Credibility has always been important, and nothing has really changed. Being clear about what you plan to do, and delivering on what you say are important. Not just for your next deal, but for all your future deals.
Here are some tips
- Provide full disclosure about the property and your situation. In performing due diligence, if a lender finds you have been less than forthright with some particular aspect of the deal, it calls into question everything else you have presented.
- Be prepared to take pictures of everything. Even the worst parts. If you leave out a photo of a boiler that is ancient, rusted and asbestos wrapped, and we see it on a site visit, we’ll wonder what else you didn’t disclose. We understand rehabs. That’s why you got it at a huge discount. So show it and what your rehab plan is for fixing it.
- There is a fine line between “fake it til you make it” and just faking it. I’ve had many conversations with a borrower that go something like this:
- Borrower: “We buy at 40 cents on the dollar, all cash, close quickly and sell at 80% of value to our buyer’s list of first time homeowners.”
- Me: “Great, how many of these transactions have you completed this year?”
- Borrower: <Silence>……………………”Well, we haven’t actually completed any, yet, but we’ve read alot and taken Trump University courses.”
- So save the sales pitch for the motivated seller.

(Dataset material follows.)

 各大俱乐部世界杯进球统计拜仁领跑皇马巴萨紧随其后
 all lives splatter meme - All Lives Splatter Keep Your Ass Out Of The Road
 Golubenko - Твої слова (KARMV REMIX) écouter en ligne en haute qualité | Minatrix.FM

The lender knew you were still new at this before the end of the first sentence. Emphasize your strengths, such as a partner who is a licensed contractor, or the fact that you are a real estate broker, or whatever. But don’t lie about it, it will come out anyway.
- If you run into a snag that is going to impact your ability to deliver the project on time, be straight about it, and be able to explain your solution to the problem.
Trust is earned over time. And is part of relationship lending. Starting with a few of the basics above will get you on your way to a productive and profitable relationship.